A Career Started in the Forces Can Transfer to Safety
Read about the experiences of a health and safety professional whose career began with the Armed Forces.
Having been persuaded by my father at the age of 17 that the Parachute Regiment could wait and obtaining a trade was initially a wiser approach, I embarked on a career in the Royal Electrical and Mechanical Engineers (REME). It turned out my father understood a little more about life than I did and his advice was sound for a young man unsure of where to direct his energy.
After completing military training and a further year in the School of Electrical and Mechanical Engineers,
I was posted to an infantry battalion workshop as a Junior Craftsman. Engineering workshops, particularly military ones, are inherently hazardous places to work and for me, this is where my introduction to workplace safety began. Due to the hazardous nature of the job, accidents were not uncommon and as a young Craftsman with aspirations, it led me to think of other career options. I stuck the post during a few operational tours then decided to pursue a more active role as a gym physical training instructor (PTI).

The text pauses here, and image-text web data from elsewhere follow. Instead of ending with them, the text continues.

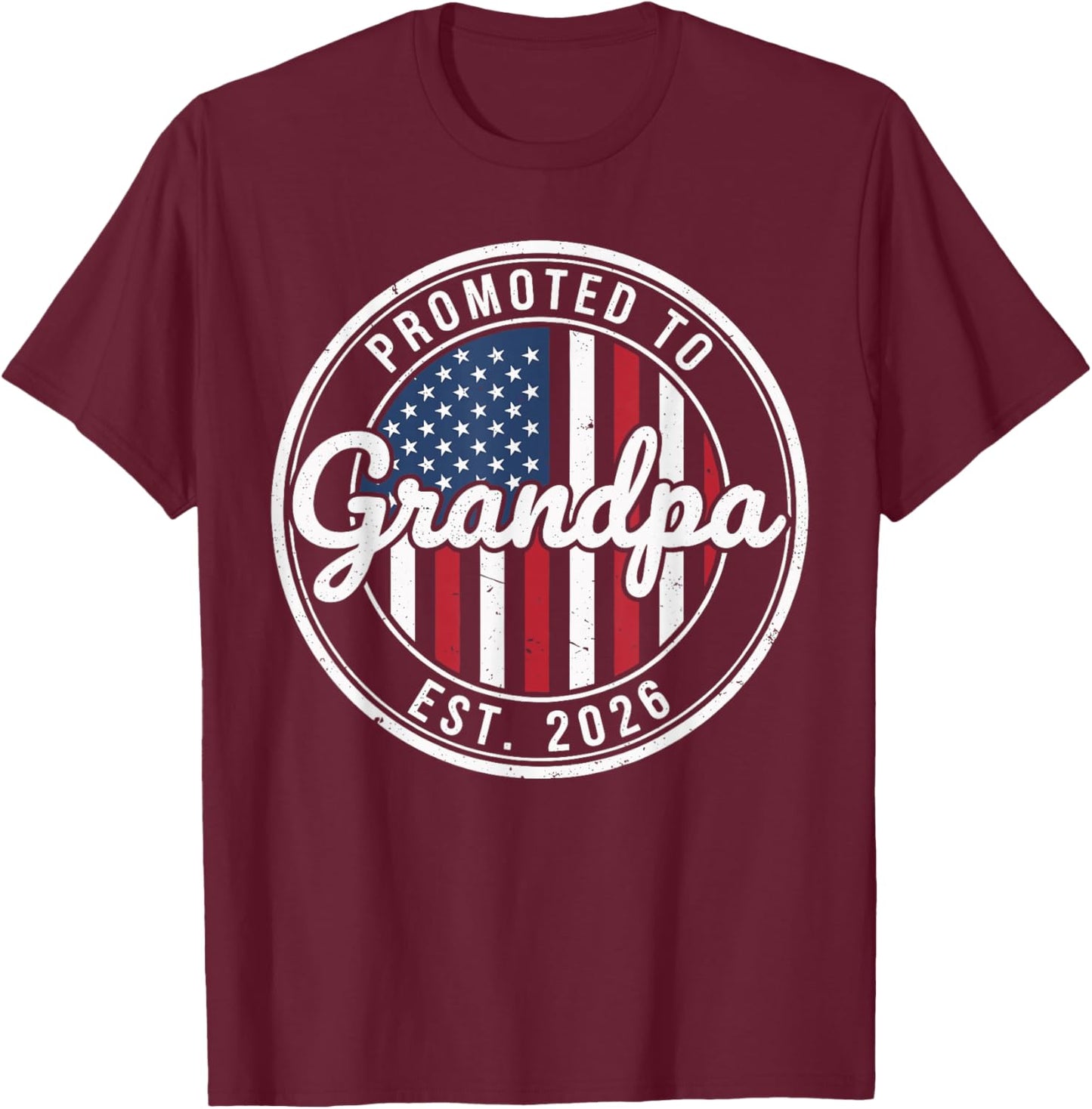 Promoted to Grandpa Est 2026 Baby Announcement T-Shirt - T-Shirt | Maroon
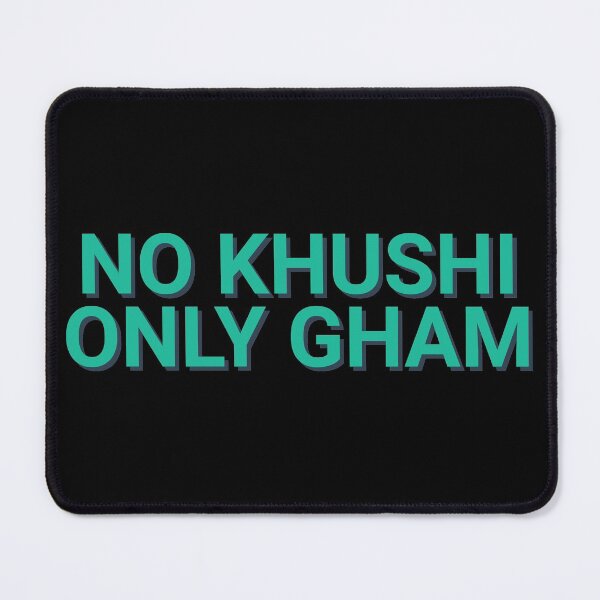 Item preview, No Khushi Only Gham Sarcasm designed and sold by Sour Soul.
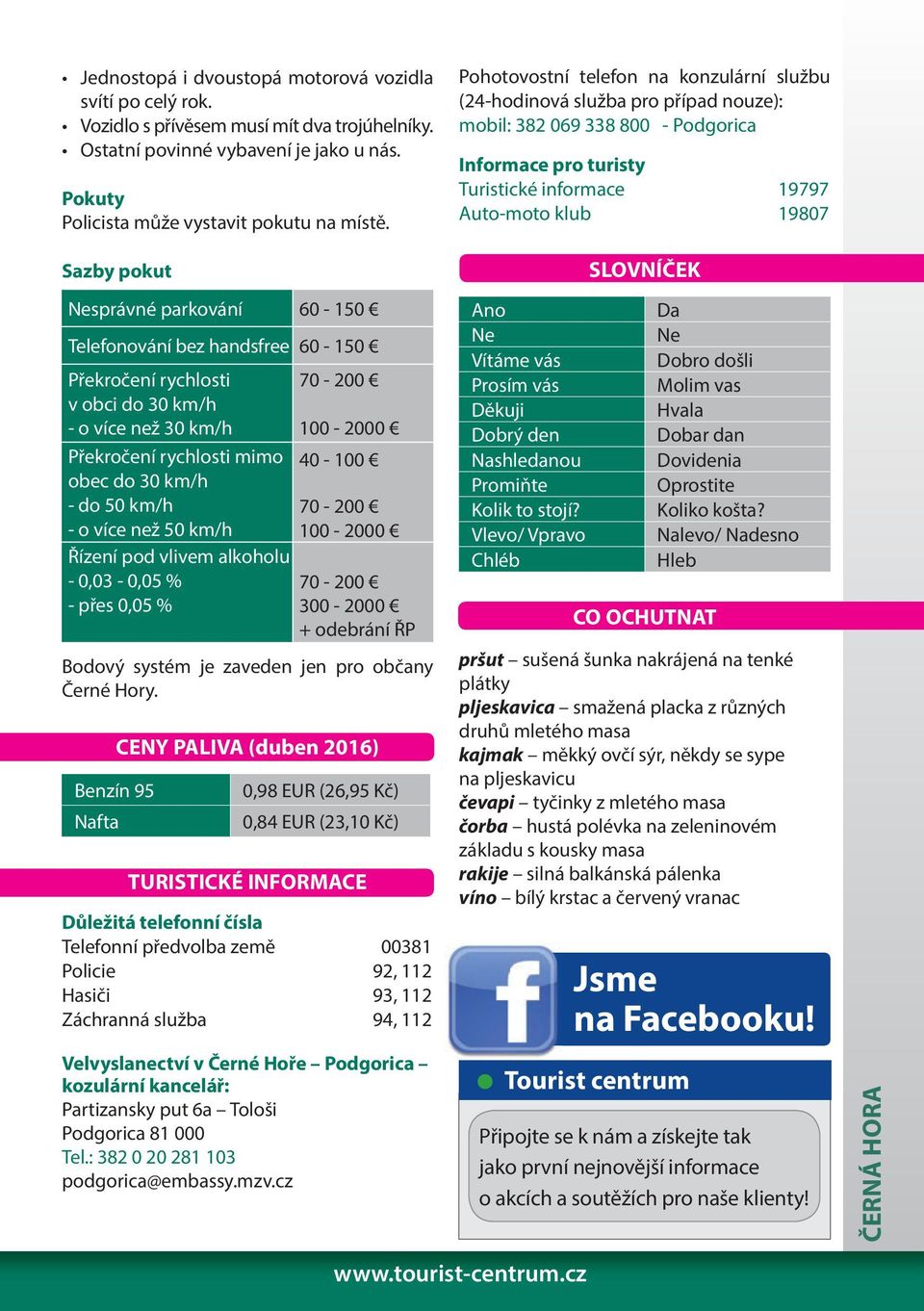 do 50 km/h 70-200 - o více než 50 km/h 100-2000 Řízení pod vlivem alkoholu - 0,03-0,05 % - přes 0,05 % 70-200 300-2000 + odebrání ŘP Bodový systém je zaveden jen pro občany Černé Hory.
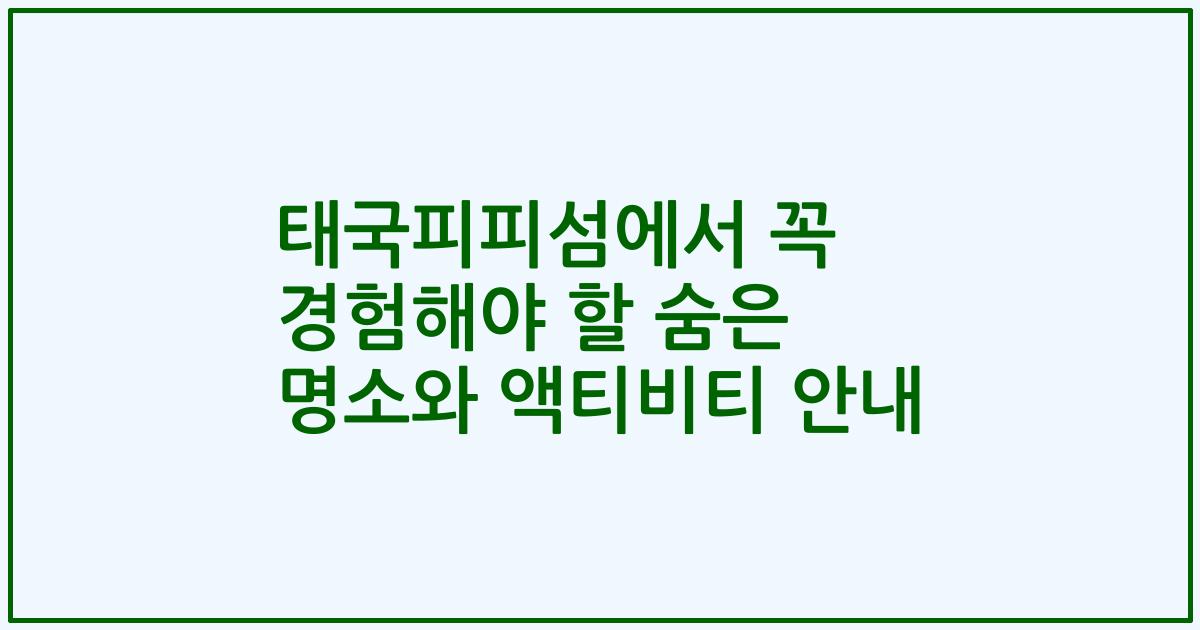 태국피피섬에서 꼭 경험해야 할 숨은 명소와 액티비티 안내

Transferable Skills Developed in the Forces
During the remainder of my career in the Forces, I began to develop vital skills and a real understanding of the importance of safety, invaluable when I switched to safety management. The role I worked in was a para trained soldier for the airborne forces at 16 Air Assault Brigade. Although still wearing the REME cap badge and now back in the workshop, I was in a better position to transfer into more specialist fields of the military, but not before a few endeavours in the middle east.
During tours of Afghanistan with the airborne forces, I was introduced to the now highly utilised role of Forward Air Controller (FAC) and having passed the Commando course and the FAC selection course I was now embedded with 42 Commando as one of their company FACs.
The FAC role is a highly pressurised and technical role, requiring the controller to coordinate and deconflict multiple air assets in very restricted airspace, whilst also operating on the front line. The safety element was paramount and with such high risks and huge potential severity, the procedures for effective and safe operation were critical. It taught me how to compose myself during conditions that seemed impossible and I use this in civilian life today.
Change of Career to Health & Safety
After over 12 highly rewarding years and approaching 30, I decided it was time to reinvent myself, in preparation to enter the civilian world. A close friend at the time was a senior Health & Safety Manager for a university and I’d observed her as she underwent the various NEBOSH courses out there on the market. I came to understand that the principles of leadership, perseverance, diligence and discipline were attributes that would carry into such a role.
Qualifications to Develop my Career
Although no walk in the park, by dedicating my time, effort and copious cups of strong coffee I was successful. That allowed me the confidence to then go on and complete the NEBOSH Fire and Construction certificates, as well as a few others.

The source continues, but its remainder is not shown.